We notice that the Barnes-Hut CPU algorithm is slower than both CUDA O(N²) implementations.
| Number of Particles | Naive (s) | Tiled (s) | Speedup |
|---|---|---|---|
| 512 | 0.0788 | 0.0640 | 1.23× |
| 1024 | 0.167 | 0.125 | 1.34× |
| 2048 | 0.342 | 0.246 | 1.39× |
| 4096 | 0.692 | 0.485 | 1.43× |
| 8192 | 1.378 | 0.962 | 1.43× |
- Tiled kernel minimizes redundant global memory reads
- Speedup increases with particle count (and even iterations)

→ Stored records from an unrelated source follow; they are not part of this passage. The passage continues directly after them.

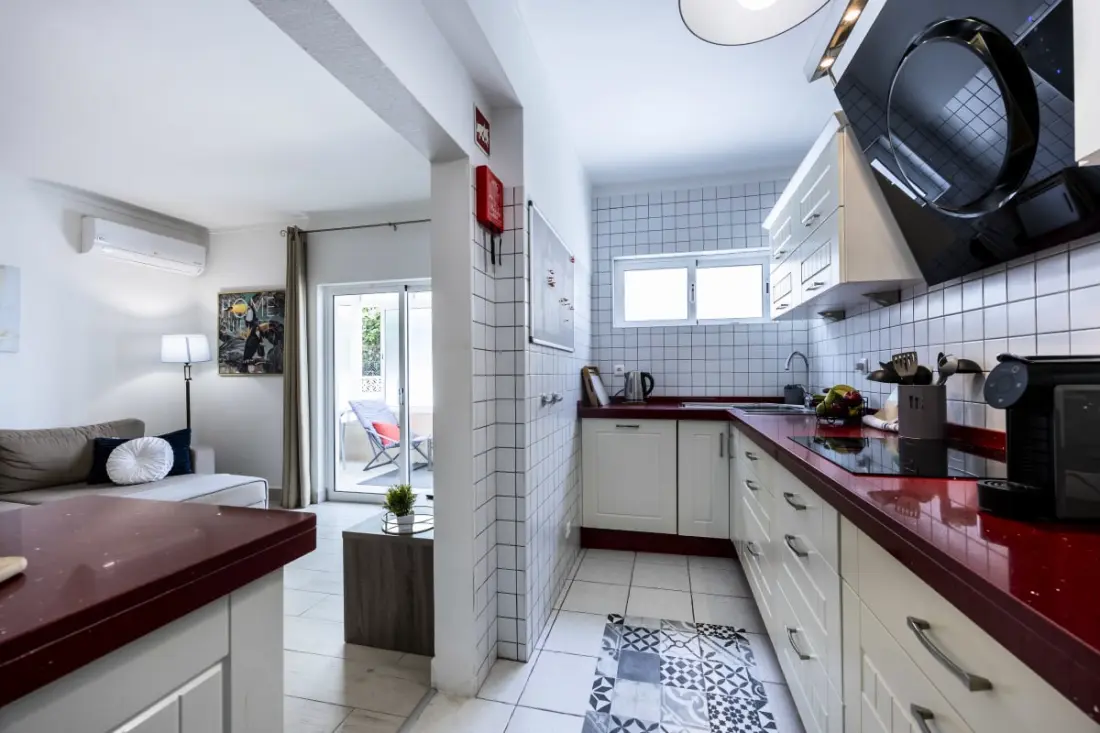 Condo ristrutturato ai margini della piscina - Nel cuore di Carvoeiro!
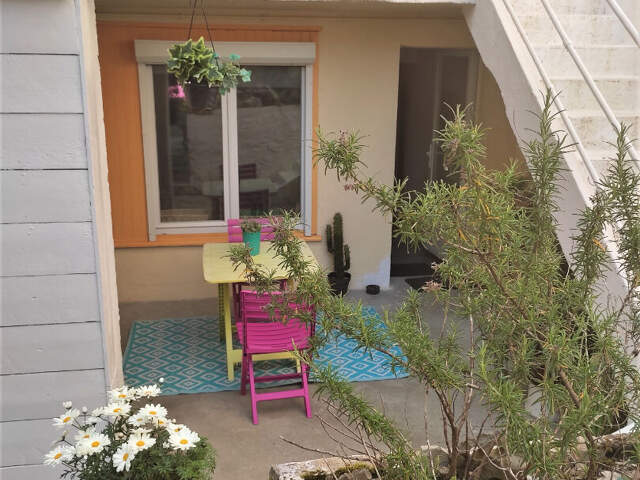 Appartement  Oloron Sainte Marie 4 pièce(s) 100 m2 — photo du bien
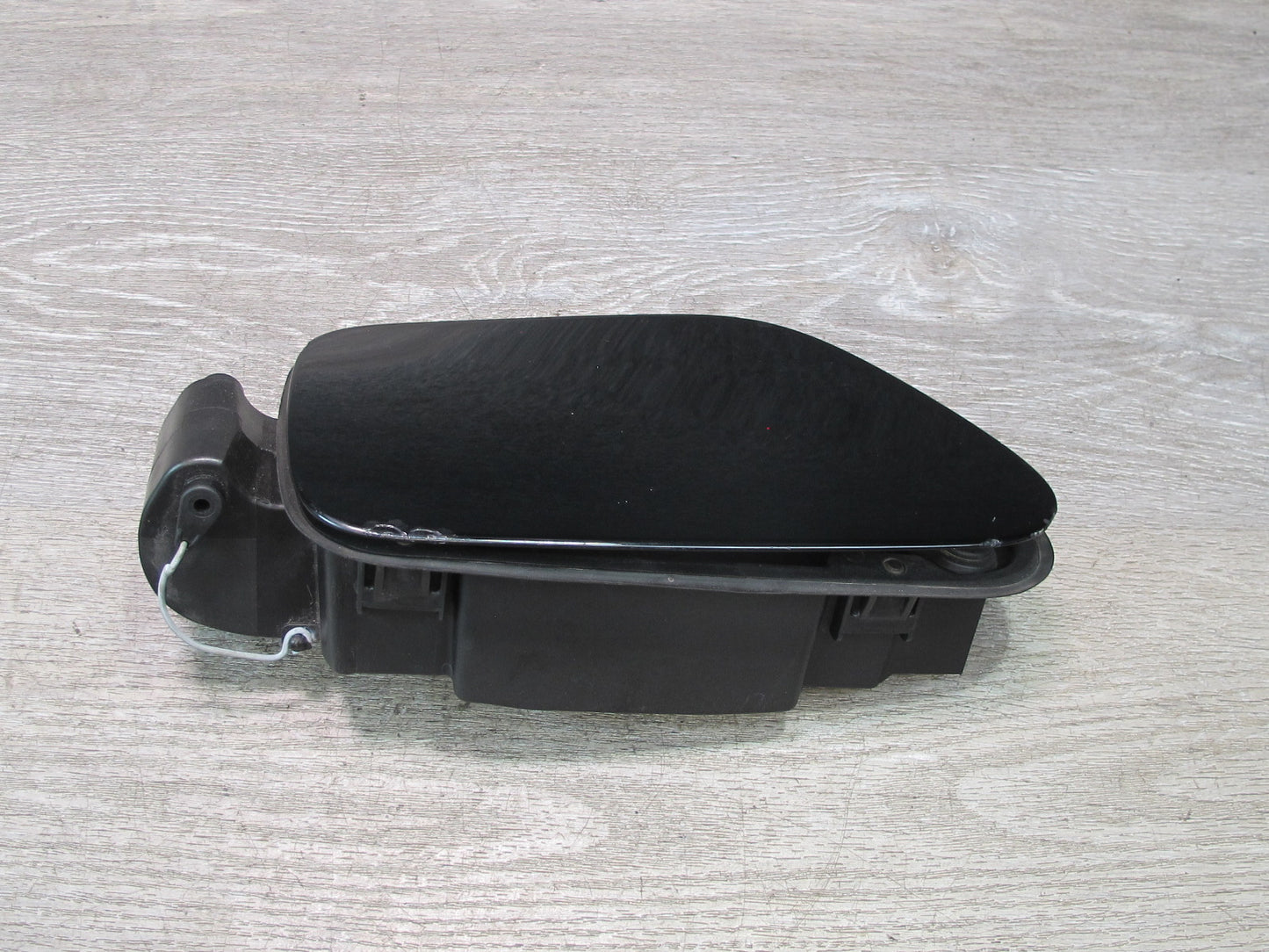 2006-2010 BMW E63 E64 M6 Fuel Tank Filler Door Lid Cover w Hinge 7009382
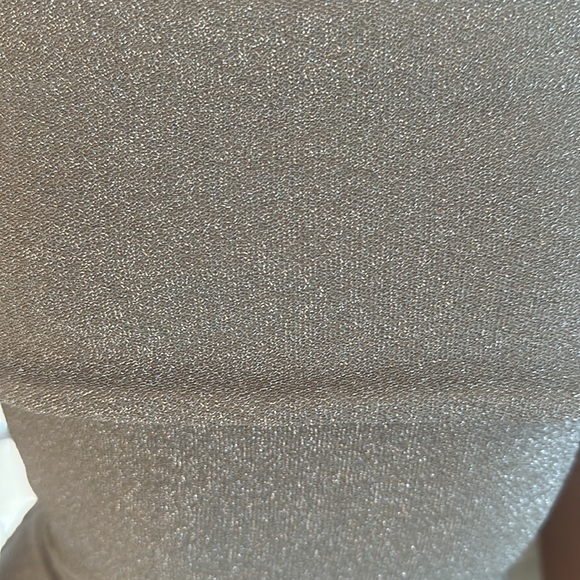 Gorgeous party dress perfect for the holidays ✨✨✨ - Picture 8 of 8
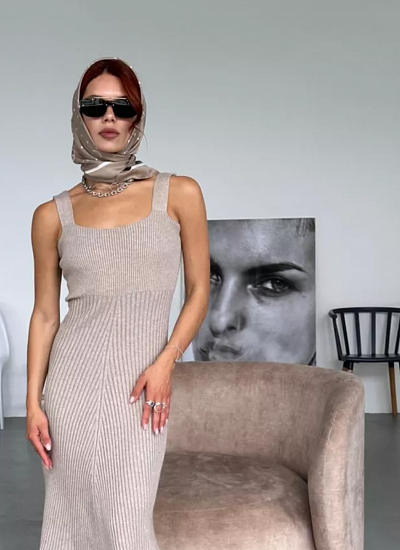 Платье трикотаж на брителях Monobrand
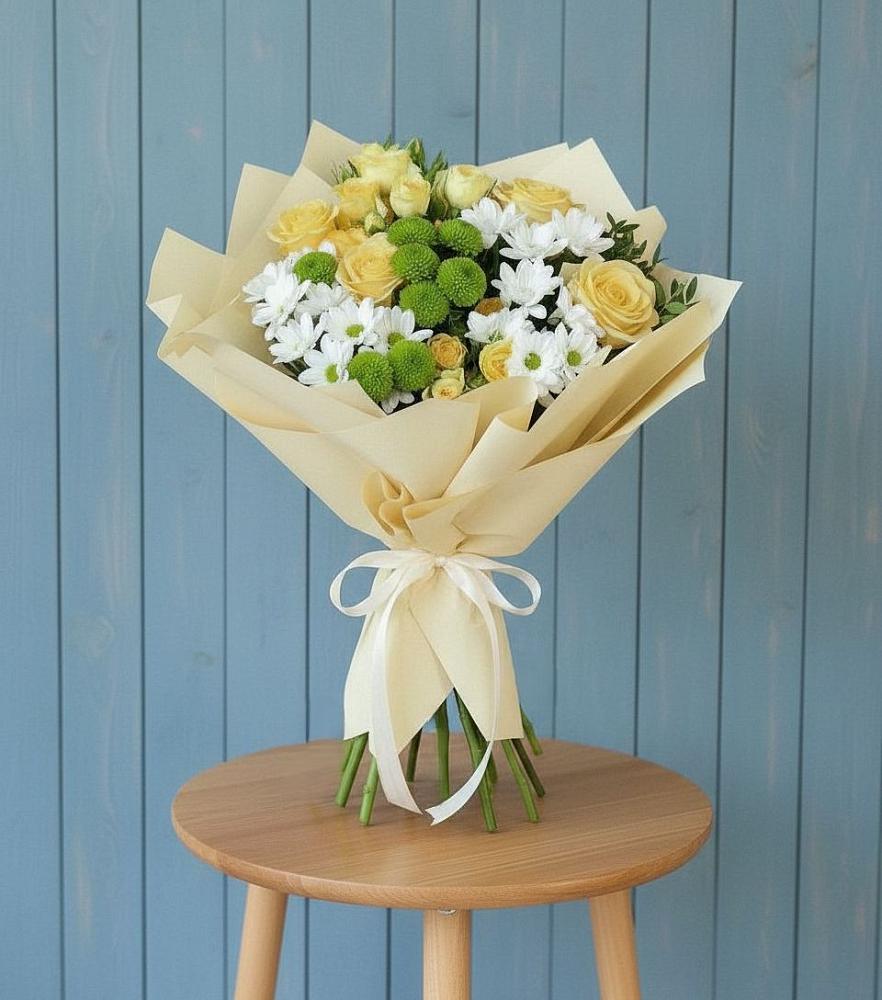 Букет цветов из: Хризантемы и Розы в Луковской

This project highlights the importance of memory optimization in CUDA programming (coelescing and shared memory). The optimized kernel reduces global memory traffic through data reuse in shared memory, leading to performance improvements while preserving output accuracy.
While the Barnes-Hut algorithm offers O(N log N) complexity, its branching and irregular memory access patterns make it less efficient than the tiled O(N²) approach in this implementation.
Overall, the project demonstrates how thoughtful use of CUDA’s memory hierarchy can lead to more scalable GPU applications.